Vanderbilt Journal of Transnational Law

First Page



This Article explores the underlying propositions that the United States antitrust agencies have created a barrier to the export of United States industrial goods or have impeded their domestic manufacture with respect to this nation's major trading partners. We conclude that neither proposition is well supported by solid evidence, although improved cooperation among Government and business and a less litigious climate are desirable in this area as well as all other industry-government relations." This Article first considers the impact of antitrust enforcement on the export or overseas distribution stage of United States domestic producers and then turns to the effect of United States policy on domestic versus overseas production...

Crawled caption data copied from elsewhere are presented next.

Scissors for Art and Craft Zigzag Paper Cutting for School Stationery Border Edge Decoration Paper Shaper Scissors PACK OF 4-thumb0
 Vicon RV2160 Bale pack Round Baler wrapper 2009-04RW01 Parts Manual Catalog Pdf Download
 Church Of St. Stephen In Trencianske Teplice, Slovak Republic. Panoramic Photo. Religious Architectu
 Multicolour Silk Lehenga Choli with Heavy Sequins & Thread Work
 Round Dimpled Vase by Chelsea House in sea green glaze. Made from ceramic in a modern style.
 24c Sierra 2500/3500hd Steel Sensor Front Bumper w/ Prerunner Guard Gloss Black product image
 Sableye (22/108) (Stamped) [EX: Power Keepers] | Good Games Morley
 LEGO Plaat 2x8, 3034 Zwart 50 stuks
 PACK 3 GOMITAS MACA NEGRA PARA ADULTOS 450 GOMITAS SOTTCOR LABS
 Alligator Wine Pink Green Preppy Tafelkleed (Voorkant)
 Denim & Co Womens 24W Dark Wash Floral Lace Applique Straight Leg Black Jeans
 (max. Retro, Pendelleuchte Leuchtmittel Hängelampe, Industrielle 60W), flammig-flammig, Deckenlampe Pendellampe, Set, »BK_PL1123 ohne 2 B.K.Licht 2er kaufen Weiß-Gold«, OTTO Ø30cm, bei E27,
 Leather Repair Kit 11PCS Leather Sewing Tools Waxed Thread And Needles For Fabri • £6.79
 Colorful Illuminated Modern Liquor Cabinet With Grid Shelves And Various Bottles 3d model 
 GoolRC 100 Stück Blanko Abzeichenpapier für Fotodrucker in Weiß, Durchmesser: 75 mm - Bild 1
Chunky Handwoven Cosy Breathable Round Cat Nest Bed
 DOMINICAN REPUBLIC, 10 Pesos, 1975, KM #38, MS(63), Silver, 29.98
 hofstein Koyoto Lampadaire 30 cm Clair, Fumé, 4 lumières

In theory, United States antitrust policy could harm the United States balance of trade by discouraging either the domestic production or overseas distribution of United States manufacturers. Undoubtedly, in the past United States agency actions have impeded the growth and development of domestic producers because of an unfounded hostility to growth and sometimes resultant increases in industrial concentration. However, this attitude has diminished in recent years. Moreover, there is clearly no evidence that price-fixing or other traditional violations of United States antitrust laws will render United States firms more efficient and competitive internationally. Exemptions to the laws against coordination and collusion for export operations of United States manufacturers have been available for years, though domestic firms have displayed little interest in them. A further extension of these exemptions recently has become available as a result of the Export Trading Company Act. If this Article's conclusions about the impact of United States Government antitrust policies are correct, one should expect to see little improvement in the United States balance of trade as a result of this legislation.